Let's implement those steps. Create a new lib/kv/server.ex and add the following functions:

defmodule KV.Server do
  require Logger

  def accept(port) do
    # The options below mean:
    #
    # 1. `:binary` - receives data as binaries (instead of lists)
    # 2. `packet: :line` - receives data line by line
    # 3. `active: false` - blocks on `:gen_tcp.recv/2` until data is available
    # 4. `reuseaddr: true` - allows us to reuse the address if the listener crashes
    #
    {:ok, socket} =
      :gen_tcp.listen(port, [:binary, packet: :line, active: false, reuseaddr: true])
    Logger.info("Accepting connections on port #{port}")
    loop_acceptor(socket)
  end

  defp loop_acceptor(socket) do
    {:ok, client} = :gen_tcp.accept(socket)
    serve(client)
    loop_acceptor(socket)
  end

  defp serve(socket) do
    socket
    |> read_line()
    |> write_line(socket)

    serve(socket)
  end

  defp read_line(socket) do
    {:ok, data} = :gen_tcp.recv(socket, 0)
    data
  end

  defp write_line(line, socket) do
    :gen_tcp.send(socket, line)
  end
end

We are going to start our server by calling KV.Server.accept(4040), where 4040 is the port. The first step in accept/1 is to listen to the port until the socket becomes available and then call loop_acceptor/1. loop_acceptor/1 is a loop accepting client connections. For each accepted connection, we call serve/1.

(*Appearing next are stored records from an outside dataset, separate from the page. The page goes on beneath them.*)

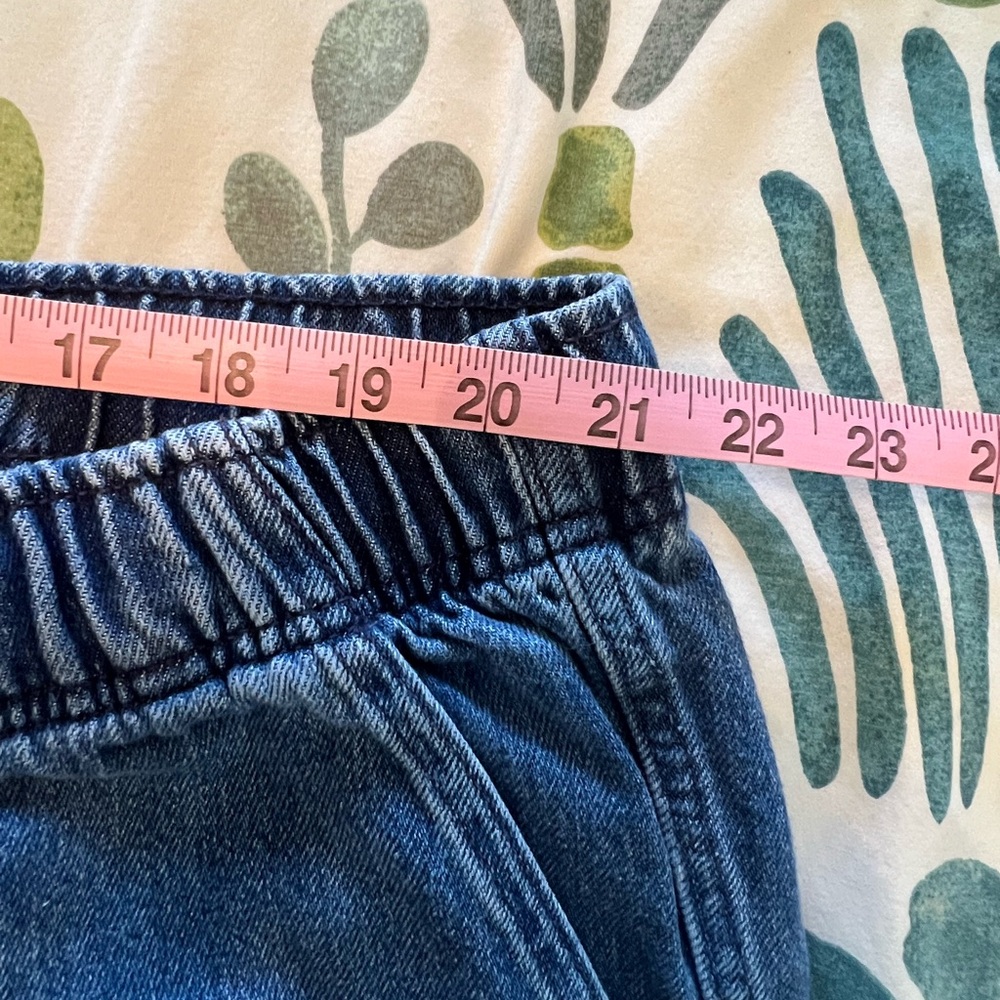 GAP Pull-on Barrel Jeans sz XXL - Picture 9 of 14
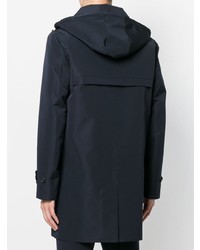 Мужской темно-синий дождевик от Sealup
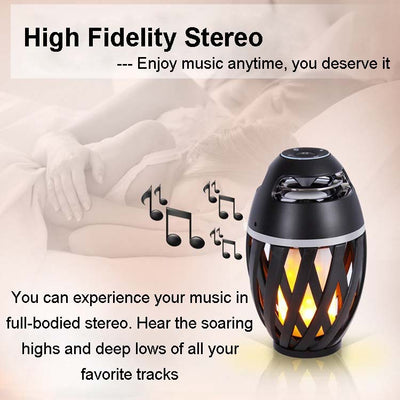 Parlante Bluetooth Decorativo con Diseño Flama Voladora - Image 8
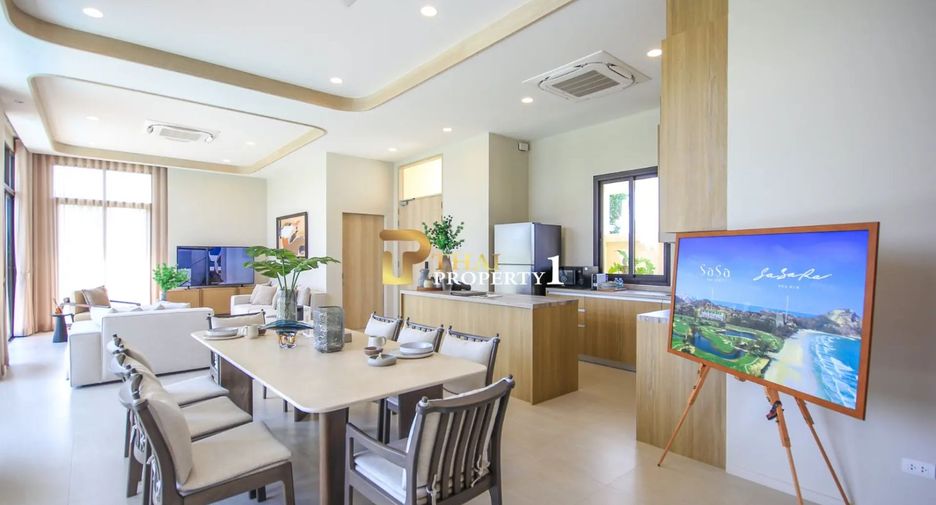 Villa zum Kauf mit 3 Zimmer in Hua Hin, Prachuap Khiri Khan
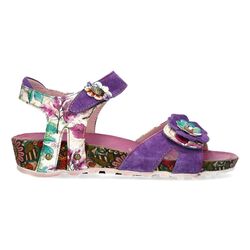 Laura Vita Sandaal Brcyano 65 SL967-65A Violet - 3667492039351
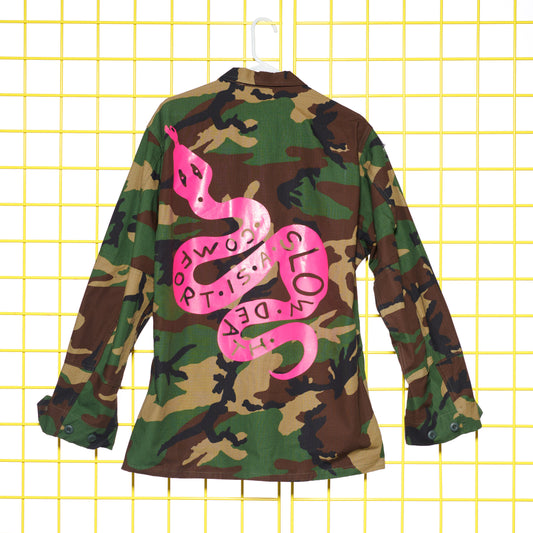 Comfort is a Slow Death Jacket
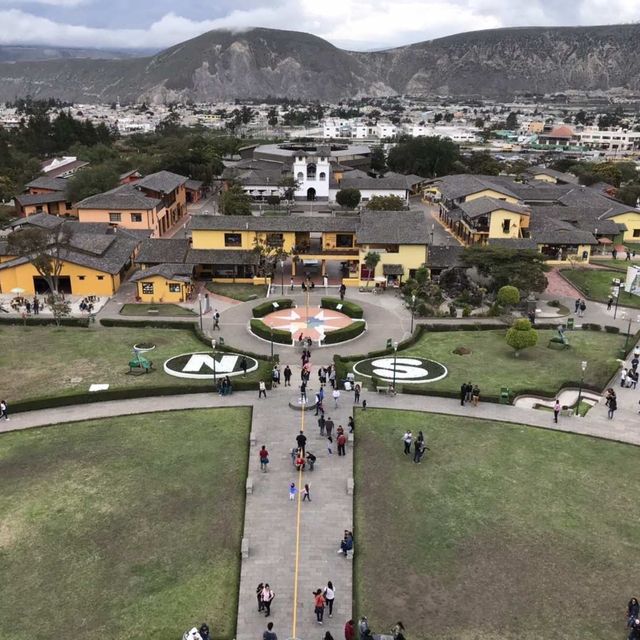 Middle of the World, the Equator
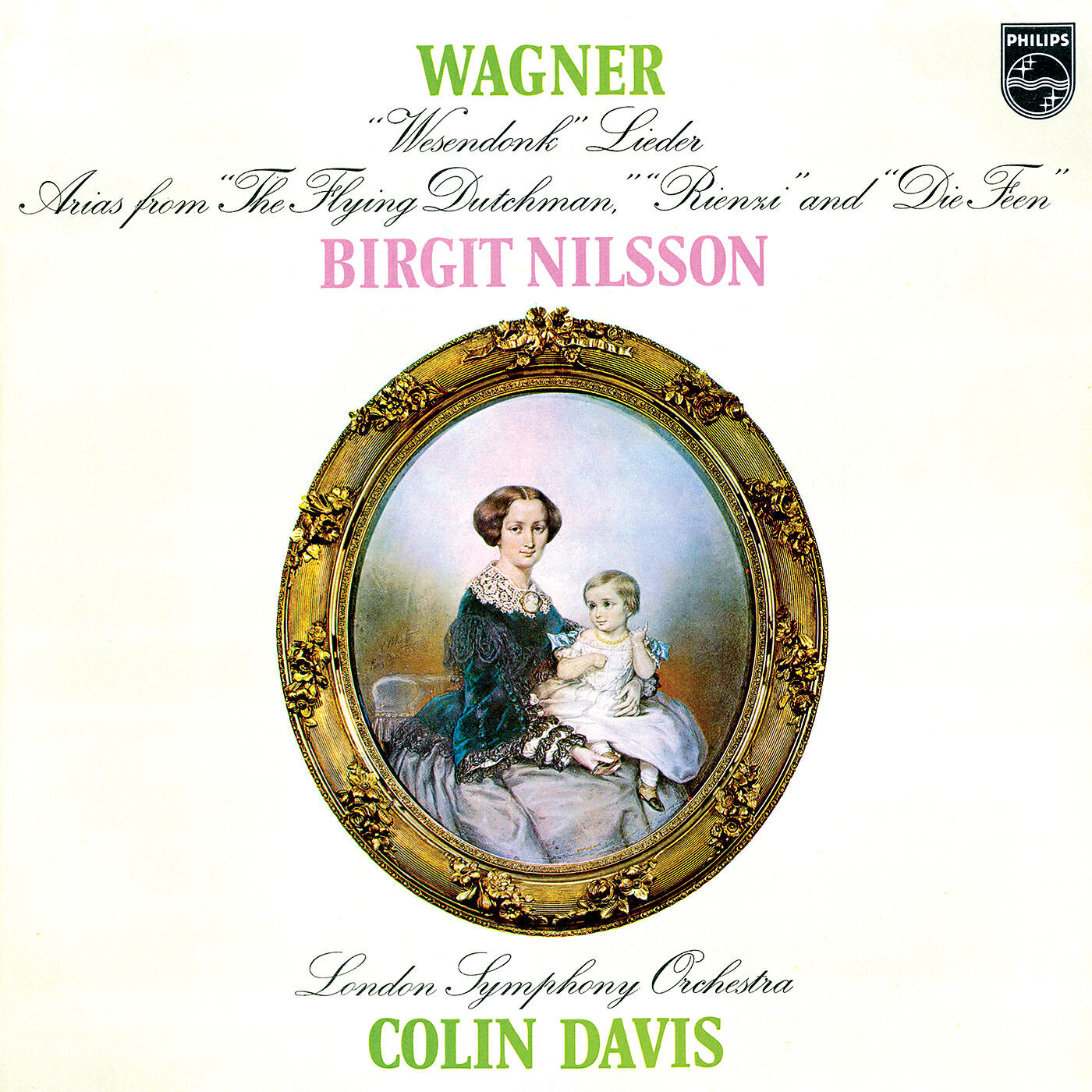 Birgit Nilsson - Wagner: Wesendonck Lieder, WWV 91 - 1. Der Engel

serve/1 is another loop that reads a line from the socket and writes those lines back to the socket. Note that the serve/1 function uses the pipe operator |>/2 to express this flow of operations. The pipe operator evaluates the left side and passes its result as the first argument to the function on the right side. The example above:

socket |> read_line() |> write_line(socket)

is equivalent to:

write_line(read_line(socket), socket)

The read_line/1 implementation receives data from the socket using :gen_tcp.recv/2 and write_line/2 writes to the socket using :gen_tcp.send/2.

Note that serve/1 is an infinite loop called sequentially inside loop_acceptor/1, so the tail call to loop_acceptor/1 is never reached and could be avoided. However, as we shall see, we will need to execute serve/1 in a separate process, so we will need that tail call soon.

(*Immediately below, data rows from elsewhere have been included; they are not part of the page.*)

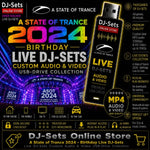 A State of Trance ASOT 2024 Birthday Audio & Video DJ-Sets 128GB USB SPECIAL Compilation (2024)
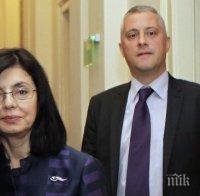 Кунева постави сложна задача на Лукарски за ТТИП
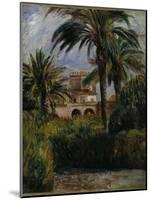 Le Jardin d'Essai a Alger, 1882-Pierre-Auguste Renoir-Mounted Giclee Print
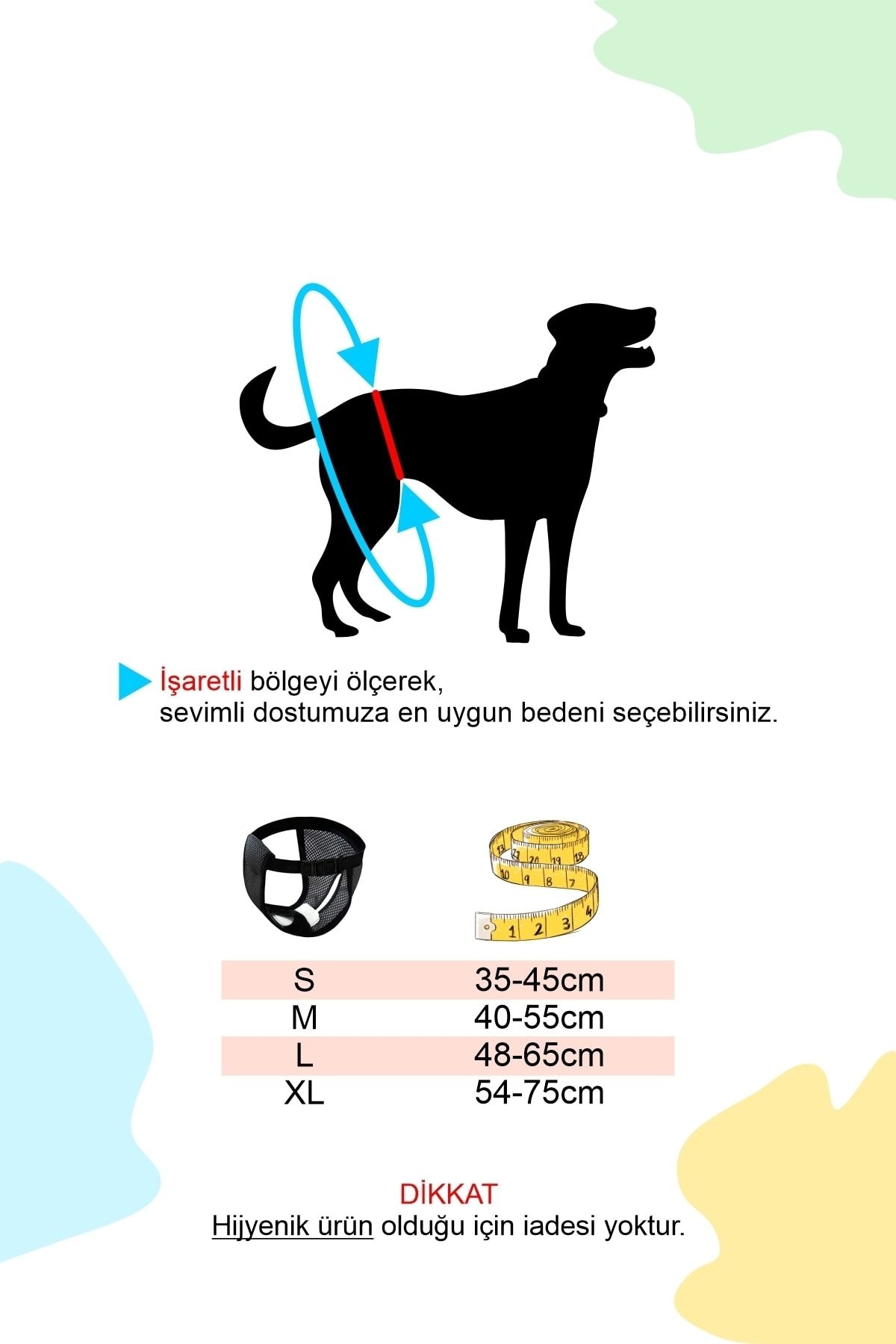 Köpekler Için Hijyenik Regl Külodu Sanitary Pants Köpek Pedi_1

This is pretty much all we need to implement our echo server. Let's give it a try!

Start an IEx session inside the kv_server application with iex -S mix. Inside IEx, run:

iex> KV.Server.accept(4040)

The server is now running, and you will even notice the console is blocked. Let's use a telnet client to access our server. There are clients available on most operating systems, and their command lines are generally similar:

$ telnet 127.0.0.1 4040
Trying 127.0.0.1...
Connected to localhost.
Escape character is '^]'.
hello
hello
is it me
is it me
you are looking for?
you are looking for?

Type "hello", press enter, and you will get "hello" back. Excellent!

My particular telnet client can be exited by typing ctrl + ], typing quit, and pressing <Enter>, but your client may require different steps.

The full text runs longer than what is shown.